Obama's Foreclosure Prevention Program Proves to be an Epic Failure
Back in 2009, Obama’s administration introduced a program to keep 4 million homeowners from foreclosing on their homes.
Six years later, the Home Affordable Modification Program has been proven to be unsuccessful with only accepting a small fraction of homeowners. 1.6 million borrowers saw a decrease in their mortgage payments through the program. However, a third of these individuals are behind on their payments again.
This Friday, the program has accepted its final applications and will expire in September 2017.
Obama promised to give millions a chance to “rebuilt.”
“It will give millions of families resigned to financial ruin a chance to rebuild,” said Obama in 2009. “By bringing down the foreclosure rate, it will help shore up housing prices for everyone.”
As we now know, this goal was much too lofty.
“The president set out an ambitious goal that wasn’t met,” said Kevin Stein, deputy director of the California Reinvestment Coalition, a housing advocacy group. “It was definitely a step forward and step in the right direction, but it didn’t [reach its goal] and a lot of people ended up falling through the cracks.”
Out of the 4 million promised, only less than a million were actually accepted and offered assistance. But, ultimately, the program proved to just prolong the foreclosures.
Not to mention, Obama was already given Congress’ approval to act prior to even entering office. He should have hit the ground running.
“Obama’s transition team earmarked up to $100 billion in funds appropriated through Bush’s bank bailout to mitigate foreclosures; eight years later only around $21 billion has been spent,” writes The Atlantic.
But, wait there’s more. Obama’s administration made another huge mistake by working with companies that always saw foreclosures as the end game.
“The Treasury Department alone decided to run it through mortgage companies that had financial incentives to foreclose rather than modify loans. Treasury never saw the program as a relief vehicle, but a way to “foam the runway” for the banks, allowing them to absorb inevitable foreclosures more slowly. Homeowners were the foam being crushed by a jumbo jet in that scenario, squeezed for as many payments as possible before ultimately losing their homes.” writes The Atlantic. “Worst of all, most of these foreclosures were executed fraudulently. Banks neglected centuries-old property records laws, and used millions of forged and fabricated documents as evidence in courtrooms and county offices to paper over their mistakes. When this came to light in fall 2010, the leading mortgage companies stopped foreclosing because they could no longer do so legally. “
Those who commuted fraud were not prosecuted and the banks got just a slap on the wrist with bank settlements.
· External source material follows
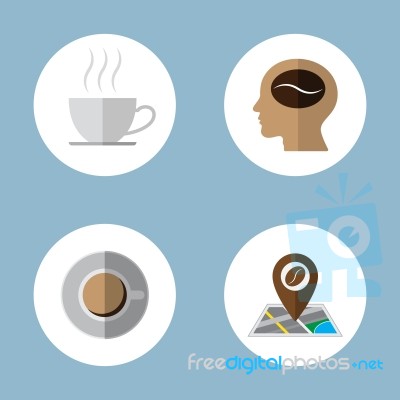 Coffee And Tea Flat Icon Set Stock Image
Many banks took advantage of the program.
“Many of these banks have repeatedly broken the rules of the program, including kicking homeowners out unfairly or making it too difficult to apply for the help, according to the agency,” writes The Washington Post.
Banks were again not given enough consequences.
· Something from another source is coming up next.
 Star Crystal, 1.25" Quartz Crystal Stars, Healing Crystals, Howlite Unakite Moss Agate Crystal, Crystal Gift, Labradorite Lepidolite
“The Treasury Department didn’t act quickly enough to force banks to abide by the rules of the program, housing advocates have said. Nearly 70 percent of the homeowners who applied for the program were rejected,” writes The Washington Post.
Banks, instead will be given incentive payments over the next seven years.
“Banks will continue to receive billions in incentive payments for helping borrowers who signed up for HAMP for seven years. Wells Fargo, which has received $1.8 billion through the program, is eligible for up to $1.5 billion in bailout funds over the next seven years, for example. JPMorgan and Bank of America, which have received $1.9 billion and $1.4 billion respectively, could receive about $1 billion each over the next few years,” writes The Washington post.
The Treasury Department defends the program saying it “changed how mortgage servicers handled homeowners in distress; not only by developing a template for loan modifications focused on affordability but also by creating and enforcing standards of care that have been widely adopted by the entire industry.”
However, the housing crisis is still very much an issue in many packets across the country.
The frustration with how the current administration has been handling the foreclosure crisis help Trump get elected.
“National Public Radio found two such homeowners, retirees who lost their home in 2011 after taking on a home-equity loan they could not afford. Like many caught in the forest of post-crisis foreclosure bureaucracy, the couple couldn’t maintain connect with anyone at the bank to restructure their loan, and saw their house sold without warning,” writes Quartz. “Dismayed with their treatment by the system, they voted for Trump in the 2016 election. A new analysis shows they are far from the only people bearing the scars of the housing market who backed the real estate developer’s run to the White House.”
Americans who have been impacted by this failing system are hopeful that Trump’s business background can help him pull the country out of this crisis.
January can’t come soon enough. Obama never truly understood the problem, then he helped develop a pathetic solution to bail out individuals who never even had a chance of keeping their homes because they couldn’t afford them.
“This past year has made clear that America’s social fabric is fragile. When you let private companies distort a government program into a foreclosure-creating machine, when you allow the largest consumer fraud in American history to occur without sanction, you tear at that social fabric. You create a rot at the heart of American democracy. You teach the public the rules don’t apply to the wealthy and powerful,” writes The Atlantic.
Editor’s note: The original Community Reinvestment Act that cause the mortgage crisis was a law with a socialist flavor that did what all socialist efforts do. It collapsed in on itself. Obama’s followup effort has done the same thing. Perhaps we can learn a lesson from this?